The MVE may also contain a valid bit, in which case this bit is also checked to see if the MVE itself is valid. If the PE Domain Number stored in the MVE does not match the corresponding field(s) in the incoming I/O bus transaction or if the MVE is not valid, the interrupt operation is not allowed to proceed and is aborted. If the interrupt operation is valid, it is allowed to proceed.
The result of step 608 is then used as the index into XIVT (external Interrupt Vector Table) to get the XIVE (step 609). The interrupt is then presented to interrupt routing logic, using the server number and priority from the XIVE (step 610); and the MSI DMA operation is complete (step 611).
The present invention thus provides a method, apparatus and system for isolating input/output adapter interrupt domains in a data processing system that includes a plurality of input/output adapters.
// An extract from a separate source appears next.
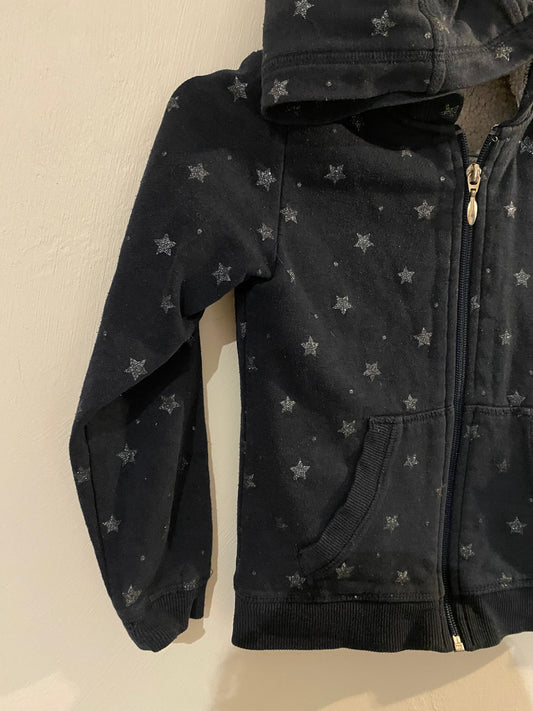 Gilet sweat à motif étoiles enfant – 8 ans – intérieur moumoute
Isolation of interrupt resources available to the input/output adapters is controlled by functionality in a host bridge that connects the plurality of input/output adapters to a system bus of the data processing system, thus permitting the use of low cost, industry standard switches and bridges external to the host bridge.
It is important to note that while the present invention has been described in the context of a fully functioning data processing system, those of ordinary skill in the art will appreciate that the processes of the present invention are capable of being distributed in the form of a computer readable medium of instructions and a variety of forms and that the present invention applies equally regardless of the particular type of signal bearing media actually used to carry out the distribution. Examples of computer readable media include recordable-type media, such as a floppy disk, a hard disk drive, a RAM, CD-ROMs, DVD-ROMs, and transmission-type media, such as digital and analog communications links, wired or wireless communications links using transmission forms, such as, for example, radio frequency and light wave transmissions. The computer readable media may take the form of coded formats that are decoded for actual use in a particular data processing system.
The description of the present invention has been presented for purposes of illustration and description, and is not intended to be exhaustive or limited to the invention in the form disclosed. Many modifications and variations will be apparent to those of ordinary skill in the art. The embodiment was chosen and described in order to best explain the principles of the invention, the practical application, and to enable others of ordinary skill in the art to understand the invention for various embodiments with various modifications as are suited to the particular use contemplated.